I've just started improving the website design and striped headers and footers
are next on my list. I need to figure out how to do it with Blueprint CSS. CSS
buttons is something that I've added only a week ago. I've used the fancy-
buttons plugin for compass to do it.

I've fixed that '&' everywhere. It didn't occur to me that there should be
spaces. I've also fixed the links.

I actually thought about placing the "get it free" section somewhere else or
removing it altogether. I thought it was a good strategy to acquire as many
users as I can.

------
wallflower
The Eclipse Update system is horrid (especially when your copy of 3.3 is
ancient). Nice work - it is one of the better Eclipse plug-ins I have used.

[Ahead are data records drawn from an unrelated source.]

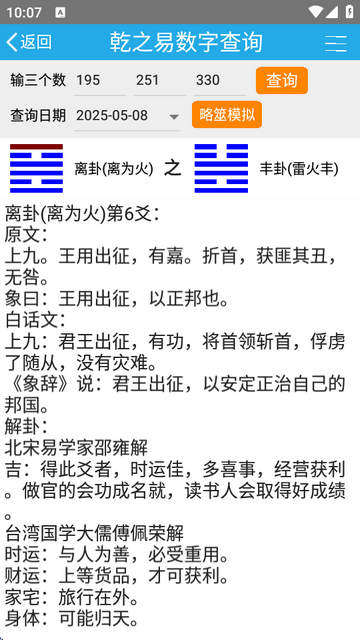 乾之易梅花易数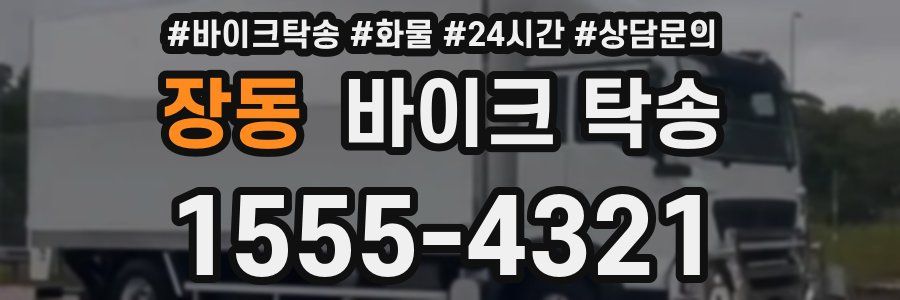 장동 바이크 탁송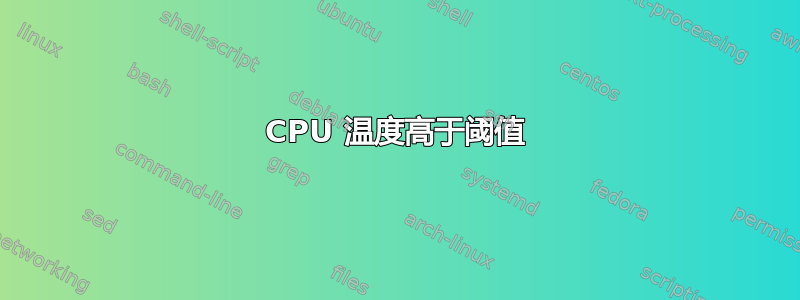 CPU 温度高于阈值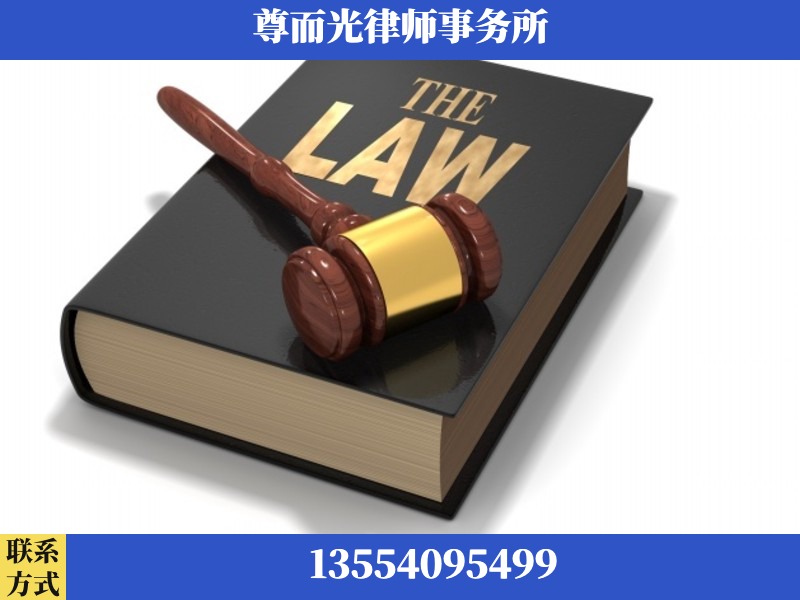 三亚-婚内出轨离婚律师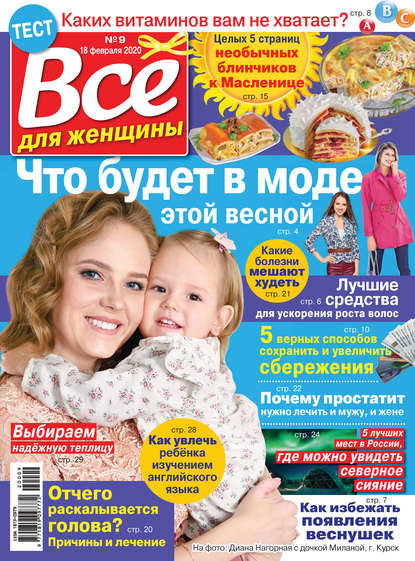 Скачать книгу Всё для женщины №09/2020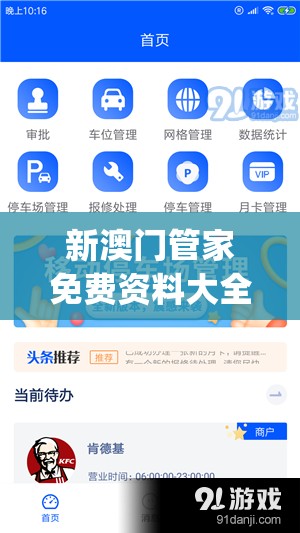 (曜石神魔录手游攻略)曜石神魔录游戏攻略大全及常见问题解答（FAQ）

Some points - since you are hosting this in Eclipse, it seems that you are
focusing on developers. Most graphic designers won't touch Eclipse. Also most
developers once they experience another IDE (IntelliJ, for example) find it
harder to return.

Maybe nitpicky but when I drag an object like a container or button into the
screen canvas, it messes with my flow when I get an immediate edit box for the
text attribute. I'd rather double-click to edit.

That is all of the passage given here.